::: Data extracts

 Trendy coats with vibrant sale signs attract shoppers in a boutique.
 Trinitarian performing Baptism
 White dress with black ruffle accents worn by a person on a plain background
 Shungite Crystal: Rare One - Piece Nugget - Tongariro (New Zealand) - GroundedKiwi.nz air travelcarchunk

::::::
::: Data extracts

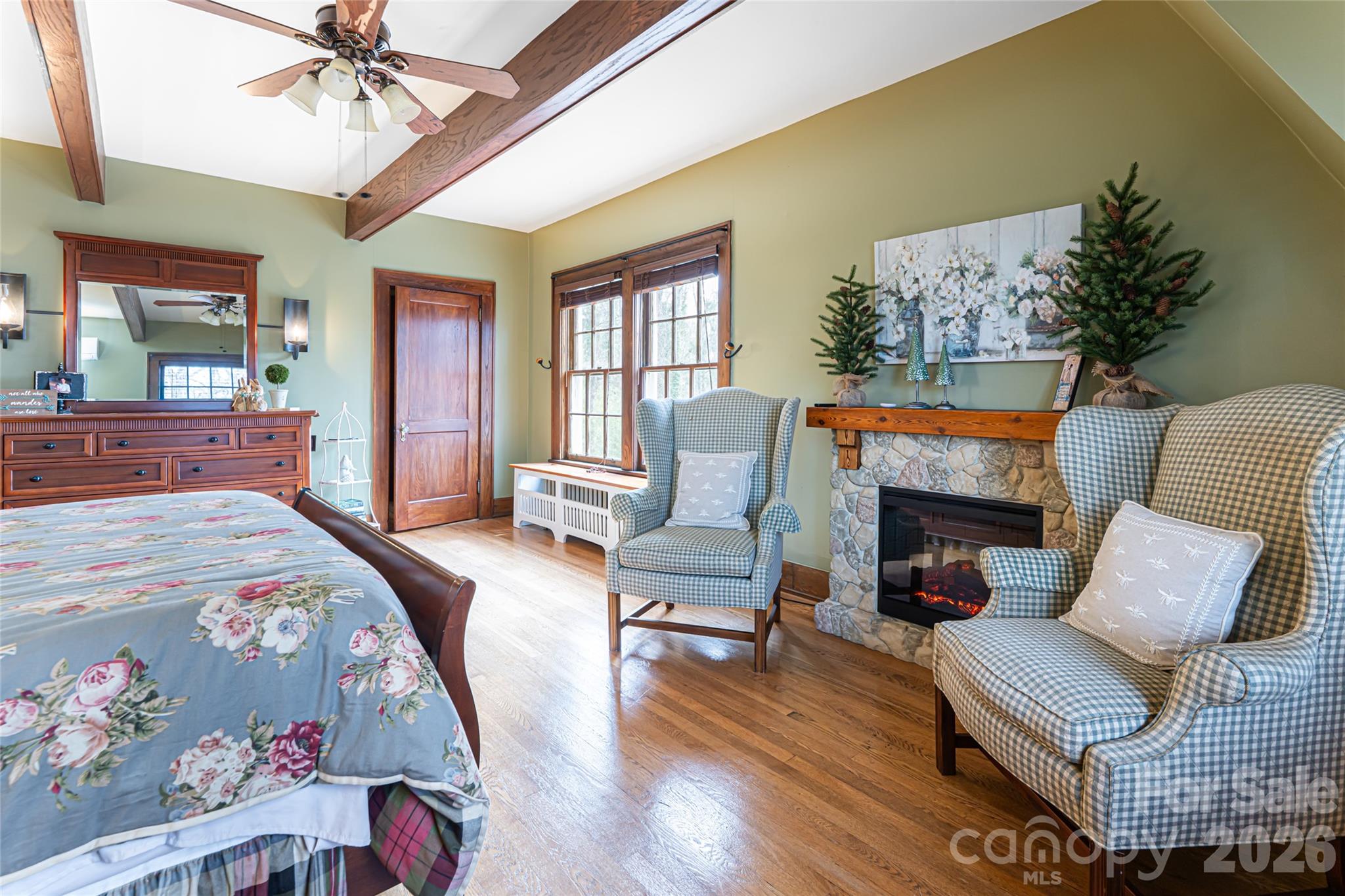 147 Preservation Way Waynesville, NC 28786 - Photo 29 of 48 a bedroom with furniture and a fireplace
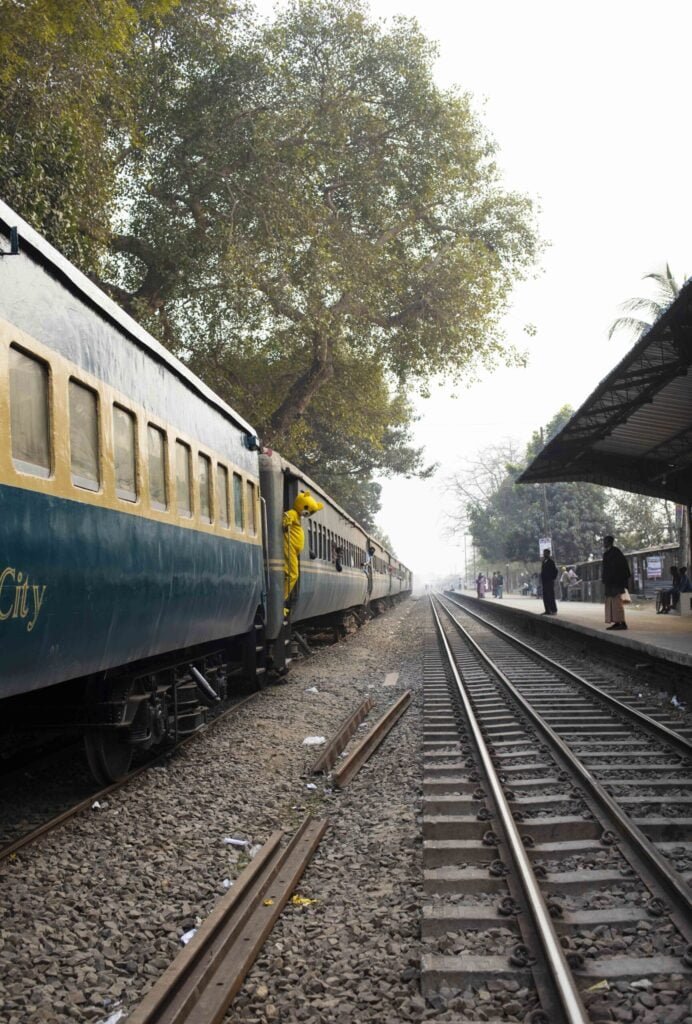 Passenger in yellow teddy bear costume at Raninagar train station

::::::

What is expected | Copy word for word the stretch of entries above from the line that has "Trinitarian performing Baptism" through the line that has "Shungite Crystal: Rare", both ends included, and nothing outside it.

Answer box |
 Trinitarian performing Baptism
 White dress with black ruffle accents worn by a person on a plain background
 Shungite Crystal: Rare One - Piece Nugget - Tongariro (New Zealand) - GroundedKiwi.nz air travelcarchunk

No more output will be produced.